One of the nastiest systems I’ve had to work with in a long time looked like this:
It seems a superficially simple model: one parent object represents “the system” and creates all of the child objects. However, each of those objects was given a back-reference to the parent, so they could access each other. This design effectively allowed every child-object to rely on (and become closely coupled with) every sibling, locking the entire system down into one rigid shape.
Michael Feathers described this to me as the known anti-pattern distributed self. I had another name for it, but it’s not polite enough to print.
So software complexity depends on the structure of our blobs and lines.
But it’s important to observe that blobs and lines don’t create themselves. Those structures are not intrinsically to blame. It is the people writing the code who are responsible (yes, that’s you, gentle reader). It is the programmer who has the power to introduce incredible complexity, or to reduce a nasty problem down to an elegant and simple solution.
How often do people set out to write nasty, complex code? You may think that your corrupt coworkers are planning to introduce more stress in your life with their Machiavellian code. But complexity is generally accidental, rarely something someone adds wilfully.
It’s often the product of history: programmers extend and extend and extend the system, with no time allowed for refactoring. Or the “prototype to throw away” turns into a production system. By the time it’s being used, there’s no chance to take it apart and start again.
Software complexity is caused by humans working in real-world situations. The only way we can reduce complexity is by taking charge of it, and trying to prevent work pressures from forcing our code into unworkable structures.
In this little saunter through software complexity territory, we’ve seen that complexity arises from blobs (our software components), lines (the connections between those components), but mostly from the people who construct these software monstrosities.
Oh, and of course, it comes from the Singleton design pattern. But no one uses that anymore, do they?
Questions . Why is simplicity in code design better? Is there a difference between simplicity in design and in code implementation? . How do you strive for simplicity in your code? How do you know you’ve achieved it? . Does the nature of connections matter as much as the number of connections? What connections are “better” than others? . If software complexity stems from social problems, how can we address it? . How can you tell the difference between necessary and unnecessary complexity? . If it’s true that many programmers do know that their software designs should be simpler, how can we encourage them to craft simpler code?
See also
Keep It Simple The flip side of complexity: simplicity.

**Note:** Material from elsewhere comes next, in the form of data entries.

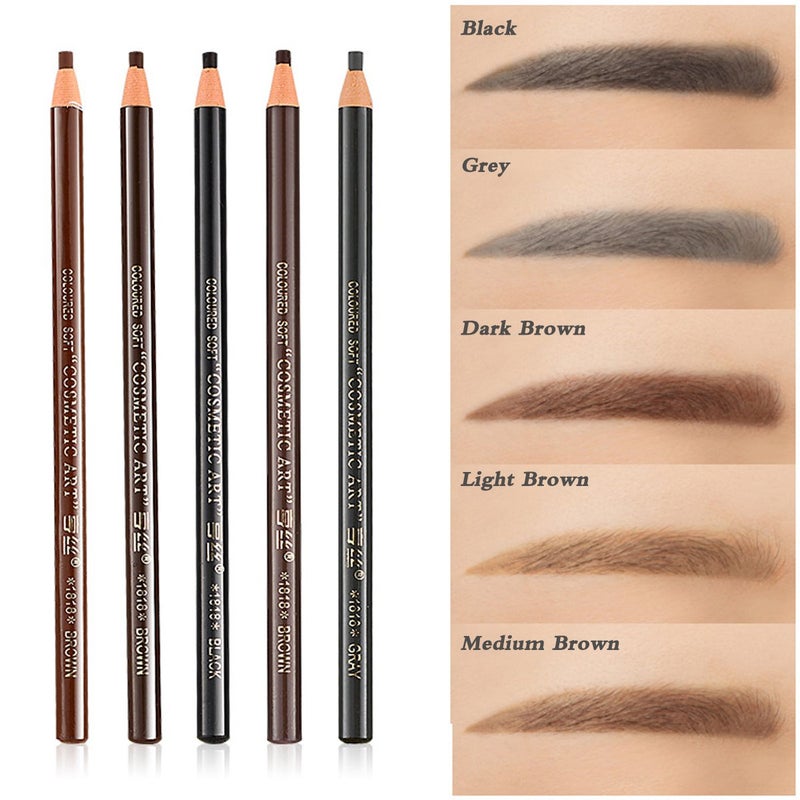 Queenland 5 COLORS Set Eyebrow Pencil Drawing Eye Brow Pen Peel Off Makeup Cosmetic - Image 2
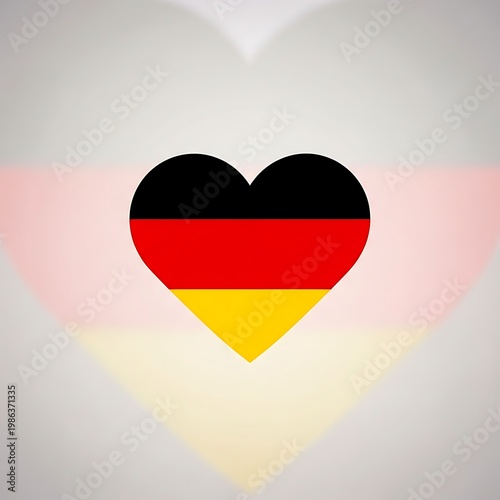 Heart shape with german flag colors patriotism tricolor celebration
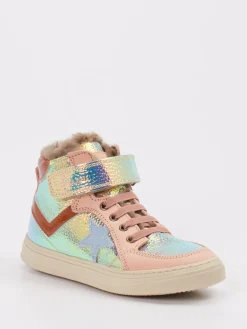 – High-Top-Sneaker aus Metallic mit Fellfutter*Bisgaard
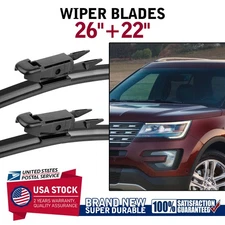 High Quality Durable All Weather Front Windshield Wiper Blades Size 26" & 22"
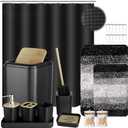 XLHOMO 24PCS Bathroom Sets with Shower Curtain and Rugs,Black Bathroom Accessories Set Waterproof Black and White Shower Curtain Set, Toilet Brush, Trash Can & Bathroom Rug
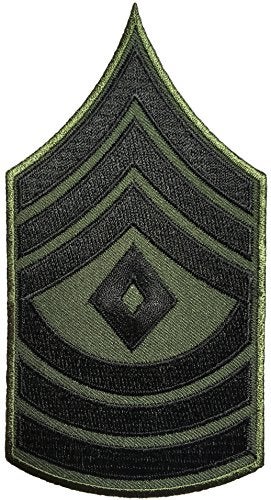 Papapatch 1st Sergeant E-8 Chevrons Rank US Army Military Uniform Shoulder Embroidered Applique Sewing Iron on Patch - OD (Olive Drab)(1 Piece)(E8-OD) - Image 3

This chapter covers some ideas for constructing simple designs.
People Power It’s people who create complexity. Aim to work with the kind of people who reduce, not promote, disorder.
Wallowing in Filth Unnecessary complexity leads to messy code that is hard to understand.
A Case for Code Reuse Employing the right code reuse strategy can help reduce complexity. The wrong strategy makes a complex ball of mud.
A Tale of Two Systems An example of a complex design contrasted with a simpler one, showing the consequences of each design.
Identify the ways that you have introduced unnecessary complexity into your recent code. How can you address this?